***** Material to process *****

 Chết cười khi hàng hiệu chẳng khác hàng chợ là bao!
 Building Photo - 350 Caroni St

*****
***** Material to process *****

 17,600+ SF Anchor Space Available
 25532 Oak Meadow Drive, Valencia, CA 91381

*****
***** Material to process *****

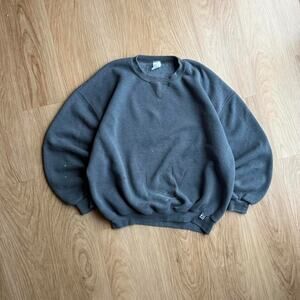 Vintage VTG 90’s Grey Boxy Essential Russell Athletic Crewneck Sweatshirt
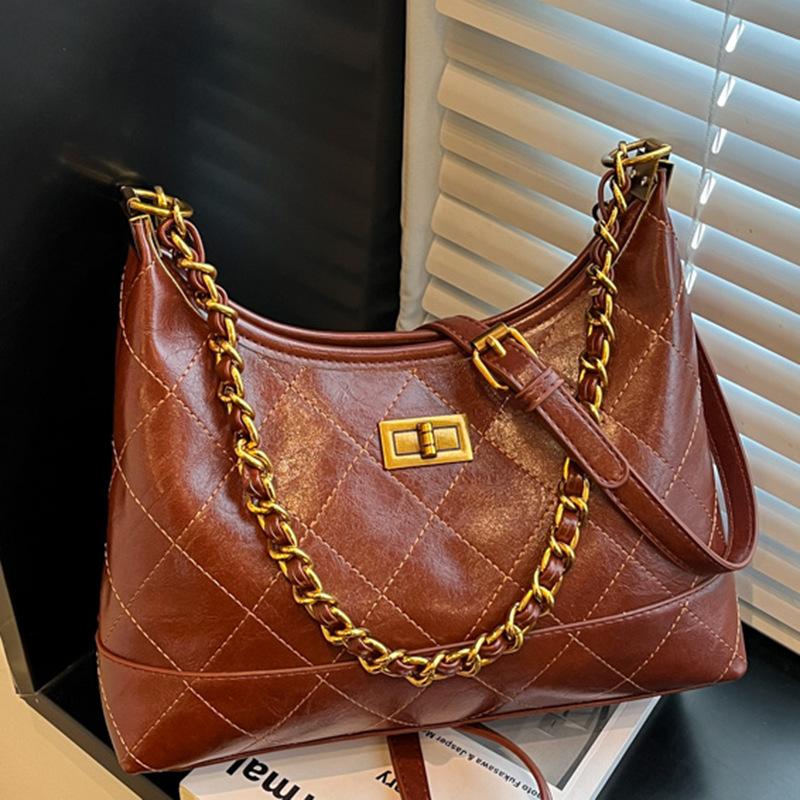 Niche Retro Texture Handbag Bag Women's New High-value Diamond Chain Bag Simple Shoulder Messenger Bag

*****

**Instructions for the task**
Above are the records; restate exactly the lines from the one containing "Vintage VTG 90’s" through the one containing "Niche Retro Texture", keeping pictures out.

**Answer area**
 Vintage VTG 90’s Grey Boxy Essential Russell Athletic Crewneck Sweatshirt
 Niche Retro Texture Handbag Bag Women's New High-value Diamond Chain Bag Simple Shoulder Messenger Bag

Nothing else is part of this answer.